Parecer em Ação Direta de Inconstitucionalidade

 

 

Autos nº. 0198861-15.2012.8.26.0000

Requerente: Prefeito do Município de Catanduva

 

Ementa:

1)      Ação direta de inconstitucionalidade. Lei Complementar nº 632, de 14 de agosto de 2012, do Município de Catanduva, de iniciativa parlamentar, que “Dá nova redação aos artigos 60 da seção II (Do Conselho Fiscal) e 61 da Seção III (Do Conselho Municipal de Previdência), da Lei Complementar nº 127, de 24 de setembro de 1.999, e dá outras providências”.

2)      Ato normativo que altera a composição do Conselho Fiscal e do Conselho Municipal de Previdência do Instituto de Previdência dos Municipários de Catanduva. Matéria tipicamente administrativa. Iniciativa parlamentar. Invasão da esfera da gestão administrativa, reservada ao Poder Executivo Municipal.
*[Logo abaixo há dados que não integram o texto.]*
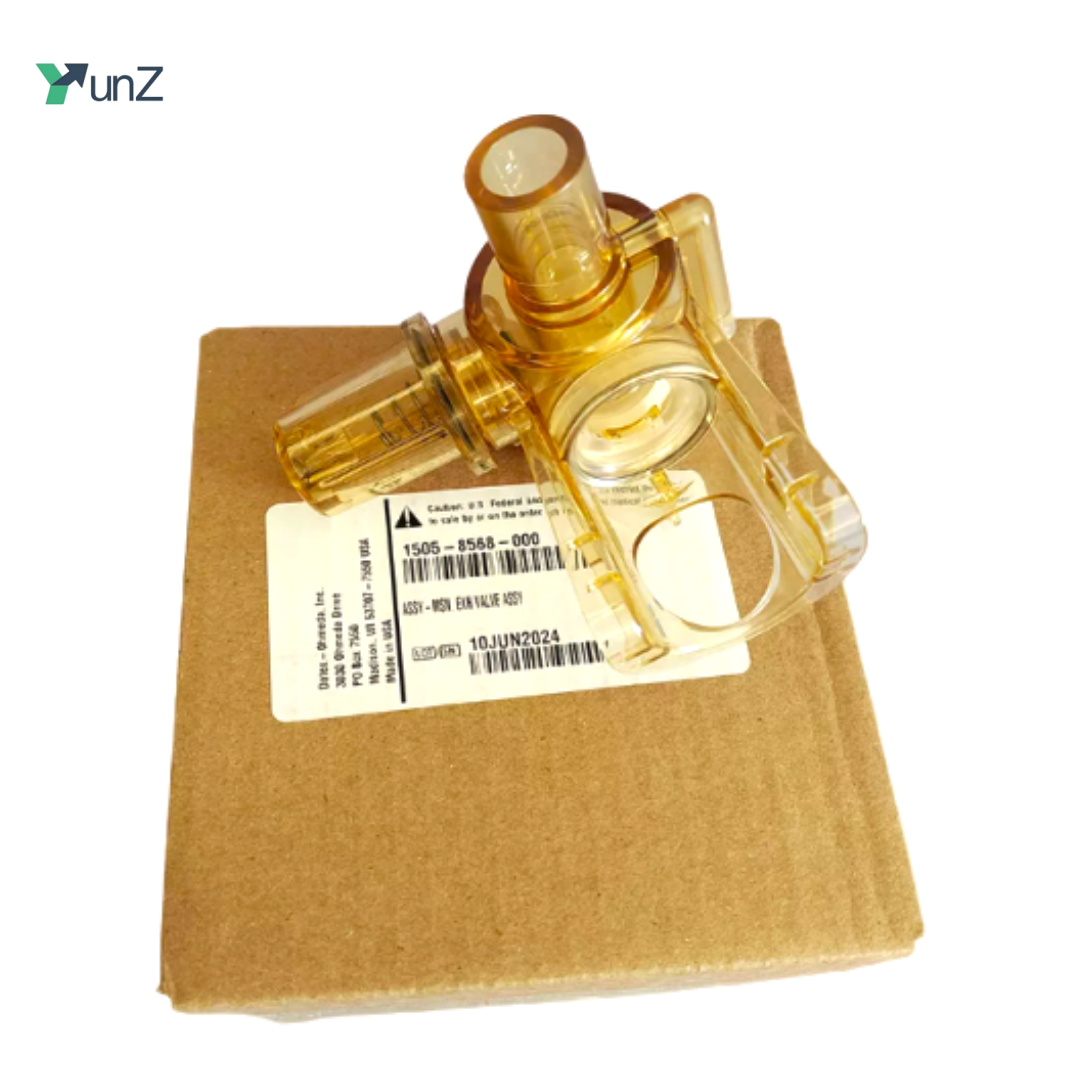 1505-8568-000 GE R860 Exhalation Valve Assembly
Violação ao princípio da separação de poderes (art. 5º, art. 47, II e XIV, e art. 144 da Constituição do Estado). Parecer pela procedência do pedido.

 

 

Colendo Órgão Especial

Excelentíssimo Senhor Desembargador Presidente

 

 

Trata-se de ação direta de inconstitucionalidade movida pelo Prefeito Municipal, tendo por objeto a Lei Complementar nº 632, de 14 de agosto de 2012, do Município de Catanduva que “Dá nova redação aos artigos 60 da seção II (Do Conselho Fiscal) e 61 da Seção III (Do Conselho Municipal de Previdência), da Lei Complementar nº 127, de 24 de setembro de 1.999, e dá outras providências”.

Sustenta o autor que cabe ao Chefe do Executivo dispor sobre a composição de conselhos de previdência, razão pela qual o ato normativo impugnado seria inconstitucional por conter vício de iniciativa e violar os princípios da tripartição dos poderes e da impessoalidade. Aponta, assim, contrariedade aos arts. 5º, 111 e 144, da Constituição Estadual.     
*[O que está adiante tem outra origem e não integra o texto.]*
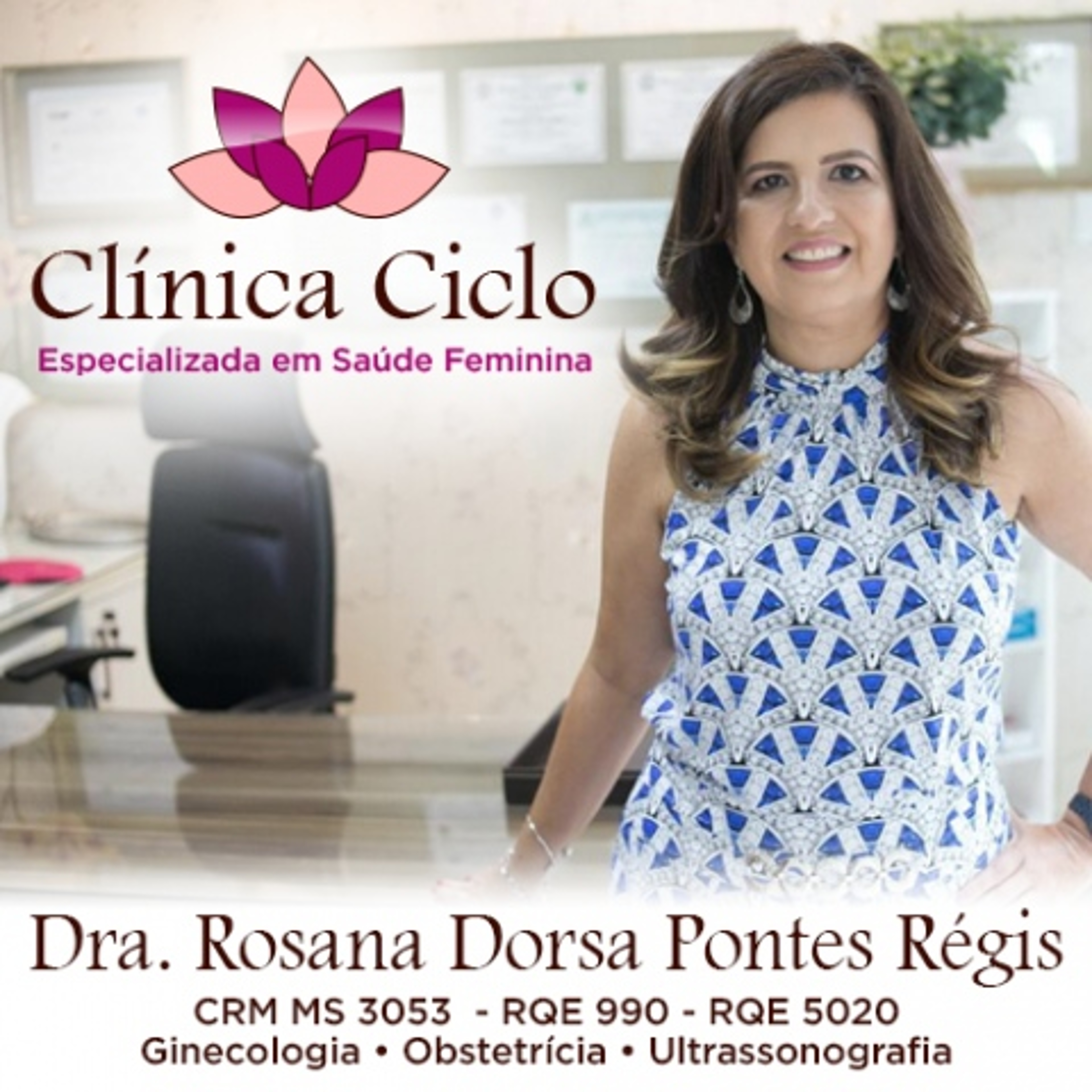 Foto de Dra. Rosana Dorsa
O pedido de medida liminar foi deferido (fls. 53/54).

Notificado (fl. 62), o Presidente da Câmara Municipal prestou informações sobre o processo legislativo (fls. 64/67).

Citada regularmente (fl. 61), a Procuradoria-Geral do Estado declinou da defesa do ato impugnado, observando que o tema é de interesse exclusivamente local (fls. 104/106).

É a síntese do que consta dos autos.

O pedido deve ser julgado procedente.

O ato normativo ora impugnado viola o princípio da separação de poderes, previsto no art. 5º e no art. 47, II e XIV, da Constituição do Estado, aplicáveis aos Municípios por força do art. 144 da Carta Paulista.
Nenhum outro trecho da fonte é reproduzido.